Indians from the Guarani and Tupiniquim tribes brought the Portocel port of Aracruz Celulose in Espirito Santo state on Brazil's southeast coast to a standstill.
"The interruption of operations at Portocel directly affects the national economy because it handles 90 per cent of Brazil's wood pulp exports," Aracruz said.
Wood pulp producer Cenibra also exports via Portocel.
The peaceful occupation was part of a dispute between Indians and Aracruz over 11,000 hectares of land.
The Indians claim ancestral rights to the land, but Aracruz has legal title and has produced anthropological studies to dispute the indigenous claims.

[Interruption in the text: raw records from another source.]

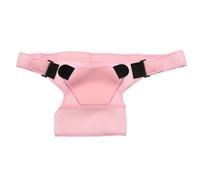 Namvo Support d'épaule pour Femme, attelle d'épaule réglable, écharpe de Bras Respirante pour épaule s'adapte à la Fois à Droite ou à Gauche, Tour de Bras 45 cm, Rose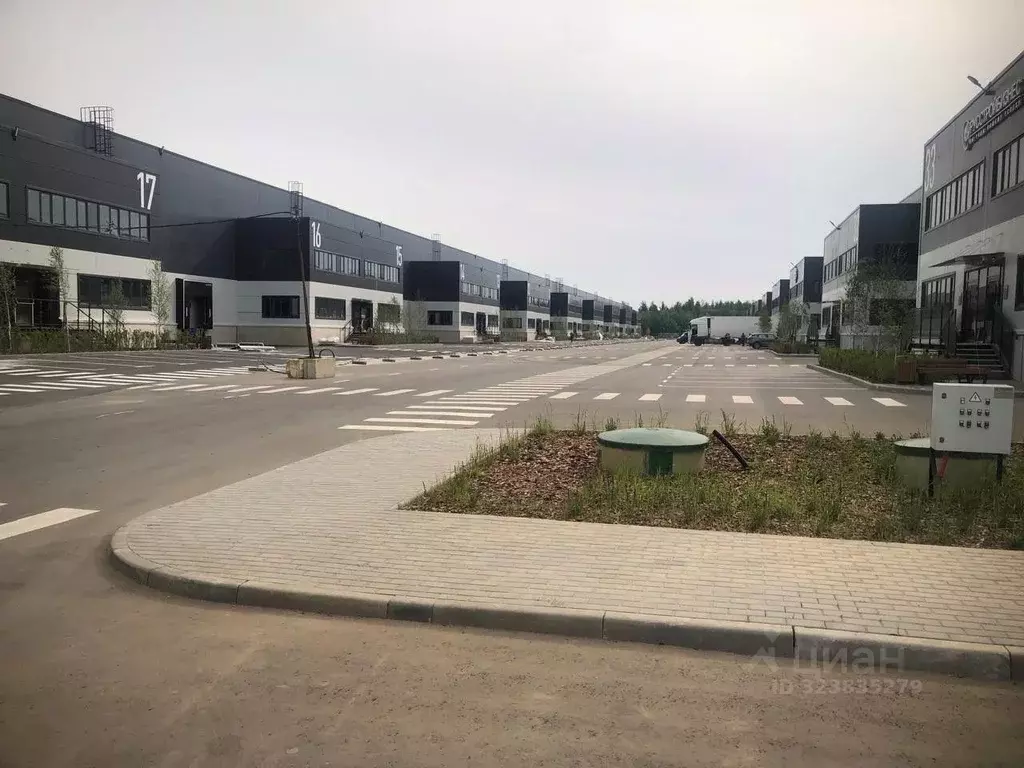 Склад в Московская область, Подольск Климовск мкр, ул. Коммунальная, ... - Фото 1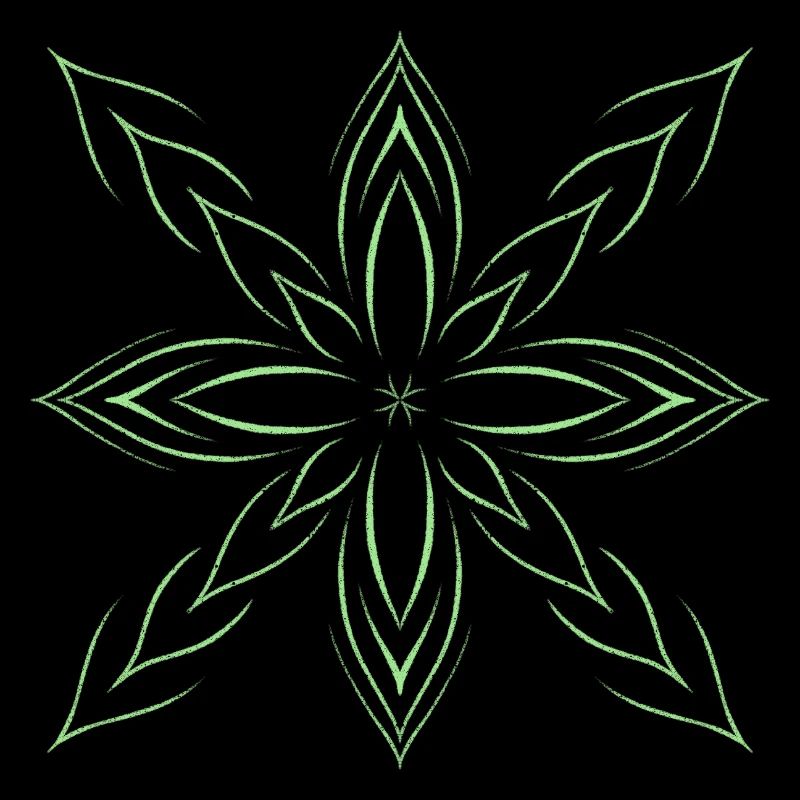 Étoile verte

A spokesman for Brazil's Indian agency, FUNAI, said it was preparing a letter asking indigenous leaders to abandon the occupation because it might hurt their chances of winning the legal battle for the land.
Protesters from Brazil's large landless workers movement, the MST, were also part of the port occupation, Aracruz said.
The MST stages land invasions to push for reform in Brazil, where 1 per cent of the population owns 47 per cent of the land.
Aracruz, the world's largest producer of bleached eucalyptus pulp, owns thousands of hectares planted with eucalyptus near the Espirito Santo port.